Still not convinced? Remember, ‘Get Up, Stand Up’? Learn those lyrics and sing them for a while. Then try remembering ‘Buffalo Soldier’, that was the song that got me reggae engaged, aged 10 in rural Scotland when I also became a reggae soldier of world peace. When you can understand those lyrics, then you’ll be able to get close enough to understand something of the roots of reggae. Then get the feeling of ‘Positive Vibrations’, which may have been the song that inspired Vibrações nomenclature(it certainly inspired ASWAD, London’s most famed regguerros). There’s a generation of innovation and musical engineering since then, and now we are experiencing a rebirth of all sorts of roots music, but reggae is the only one sprouting new growth in every continent. The very first world music is really all around the globe and flourishing everywhere. We write and sing in any language you can name, and some of us don’t mind not knowing the words we´re singing. In South America, there are hundreds of bands devoted to reggae and thousands more musicians who are playing this world music, not to mention those dj’s spinning the remixes of reggae songs and dub tracks, and we sing it in English, South American & Jamaican English, or in all its emergences, there are any number of versions of English, but mostly in Spanish and Portuguese, here in South America. I’ve witnessed and we, who are there, all appreciated, a Brazilian Japanese singer, who had translated ‘Who the Cap Fits’, singing in enchanting Japanese, backed by Brazilian musicians, making more than a subtle point of the fact that music traverses all frontiers.
Come to think of it, it is astounding how such a small island of so few people has made such an astounding contribution to the cultural contingencies of this really ever so grand a planet.

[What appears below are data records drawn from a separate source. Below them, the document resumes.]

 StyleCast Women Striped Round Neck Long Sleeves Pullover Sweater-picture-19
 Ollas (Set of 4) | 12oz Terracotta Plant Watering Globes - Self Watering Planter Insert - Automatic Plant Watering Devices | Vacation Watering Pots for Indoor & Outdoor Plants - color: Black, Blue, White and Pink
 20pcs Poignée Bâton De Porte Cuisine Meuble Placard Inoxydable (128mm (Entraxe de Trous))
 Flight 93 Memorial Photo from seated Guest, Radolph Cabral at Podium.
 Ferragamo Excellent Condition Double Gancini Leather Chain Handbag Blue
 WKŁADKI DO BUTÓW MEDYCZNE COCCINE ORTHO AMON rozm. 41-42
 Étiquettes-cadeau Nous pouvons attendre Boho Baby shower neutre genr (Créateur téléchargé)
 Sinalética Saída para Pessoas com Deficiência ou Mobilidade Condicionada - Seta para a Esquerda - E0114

Jamaica is just amazing and Usain Bolt is the fastest ever human to have graced it. Jamaicaland, . . . recalling so many reggae events through these decades, the eighties, nineties and these two decades of this millennia, just goes to show, that when you get the chance, attend a concert, get your buckwild, rasclad arse down to the venue, and enjoy yourself; let loose for a while, free yourself for good. I would travel the world to catch a gig with VIBRAÇÕES! Why don’t you? For the time being, you might just find your energy is well invested getting more familiar with the diaspora of South American music and dance that has been encapsulating the world over for just about as long as you may be able to imagine. And remember, music really does traverse all frontiers, but it’s the lyrics and melodies that make something more than a feeling.